Posts Tagged ‘San Jose real estate’

It Sold! No it didn’t!

As I was walking through the neighborhood, I saw a client who had written a contract a few days ago.  He had hoped to purchase a particular REO property, as he wanted to help some friends by renting the house to them.  This was a multiple offer situation, and he wrote his cash offer above the listed price. 

Photo courtesy of Stockvault.net

I called to him and said, “I haven’t heard anything yet.”  He called back to me, “It sold!”  When I caught up to him, I asked what he meant, as it didn’t seem possible that it could have sold already.  “Oh yes,” he said, “I read it in the newspaper.”  I must have looked incredulous, as he asked me if I wanted to see the paper.  “Yes,” I said, “please show it to me.”  When he showed me the clipping, I saw that some recent sales were listed, and among them was the address of the home on which he had written the offer.  “It sold for more than I bid,” he said, looking at me with disappointment. 

Upon closer examination of the details in the newspaper I noticed that the sale date was January 10, 2010.  We had dated his offer February 9th, and so far had not heard back from the listing agent.  The list of sold homes was prefaced with the explanation that these sales were purchased through foreclosure by lenders.  When I pointed out to him that the sale reported in the paper took place in January, he looked puzzled.  You may be too.  This is what happened:

The prior owners lost their home to foreclosure.  The home was purchased in January by the loss mitigation department of the lender holding the note.  The lender paid $237,000 which was reported in the newspaper.  The lender then engaged a Realtor to sell the home, and as this home needs work, it was listed at $180,000, less than the lender paid for it.  Because this San Jose home was listed so low, multiple bids came in on the property, many of them above the listed price. 

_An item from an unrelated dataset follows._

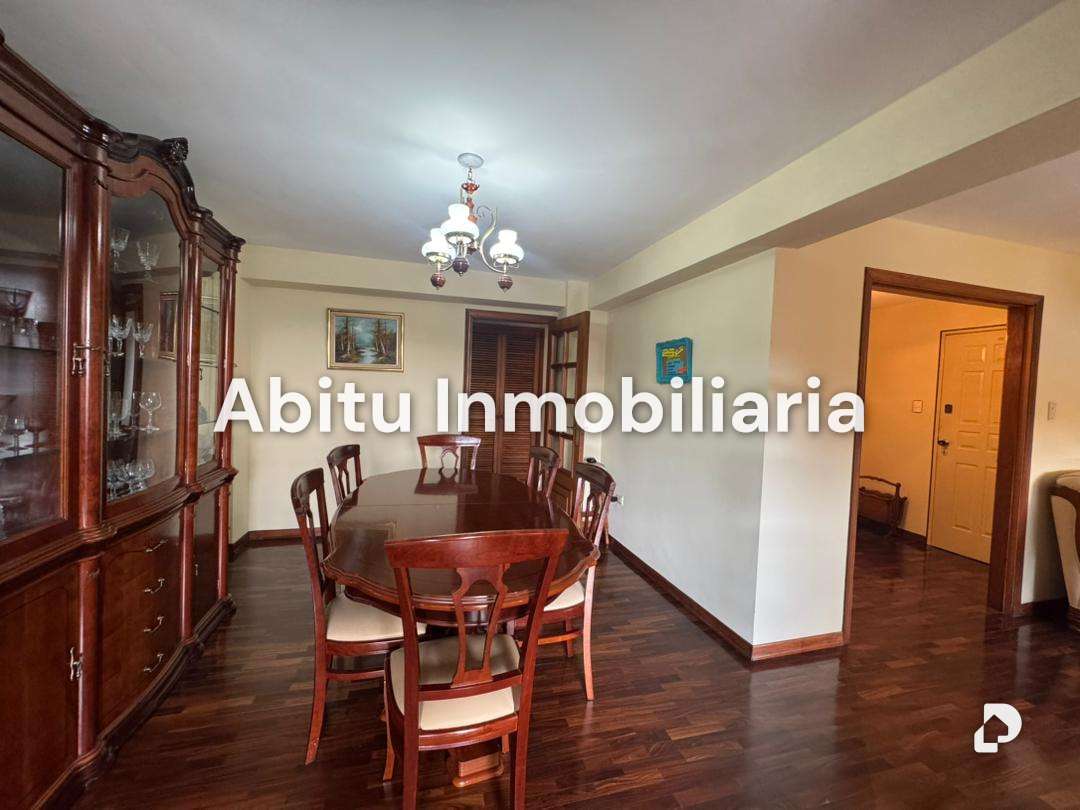Apartamento en La Alameda, Caracas – 9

We must wait to see what the sale price will be on this house.  That is not disclosed until escrow closes and the property has been recorded in the new owner’s name.  Will it be what the lender paid?  Or less?  Or more?  It could be any of these, but in this case, in this area, it’s likely to sell for a higher price.  In this troubled time in our nation, lenders would be happy to recoup what they paid, but they may not.  Lending institutions are in the business of lending money, not owning real estate, and their interest is in getting the REO property off their books.

Property Inspections: How Important Are They…And Who Pays for Them?

As home prices inch their way back, I’m seeing more “regular” listings in our inventory, not just foreclosed homes and short sales.  That’s encouraging news for both sellers and buyers.  Sellers who have been holding out are putting their homes on the market now, and these regular sales are quite appealing to many buyers.  “Why is that, Lexie?” you may ask.  Much of our inventory of homes for sale in the past year has been distressed properties.  When a home is owned by a lender, they are not willing to provide inspection reports—and they want As-Is sales.  That means they are not willing to make any repairs to the home.  What you see is what you get. 

 In contrast, traditionally sold homes generally are, overall, in better condition.  Because sellers don’t want surprises that could affect their bottom line, many are willing to pay up-front for inspection reports.  Having inspections done prior to putting a home on the market makes good sense.  Buyers can go over the provided reports with their agent before they write a contract.  Buyers don’t want surprises either.  They benefit by having a better idea of what they’re bidding on and, once they have the contract, they won’t need to have the provided inspections repeated.  Having inspection reports available benefits the seller also because it not only gives them an opportunity to correct some of the items mentioned on the reports, but it also decreases the chance of the buyer backing out after winning the contract. 

 Sometimes a seller is not willing to pay to have inspection reports done.  In this case once the buyer has won the contract, he has a certain number of days to have inspections done and to review the resulting reports.  In this case of course the buyer pays for them.  “What inspections should I have done on the house I’m buying?”  That depends on the house.  Does it have a fireplace?  Does it have a pool?  Did the seller provide any inspection reports?  Each house is different.  Your agent can assist you in determining which inspections should be done, in ordering those inspections, and being at the house when inspections take place.  Are termites brunching on beams or enjoying sub-floor for supper?  Does the home have clogged arteries with corroded pipes?  Regardless of who pays for the inspections, both parties will have a clearer idea of the condition of the home being sold, resulting in greater peace of mind for all parties involved in the transaction.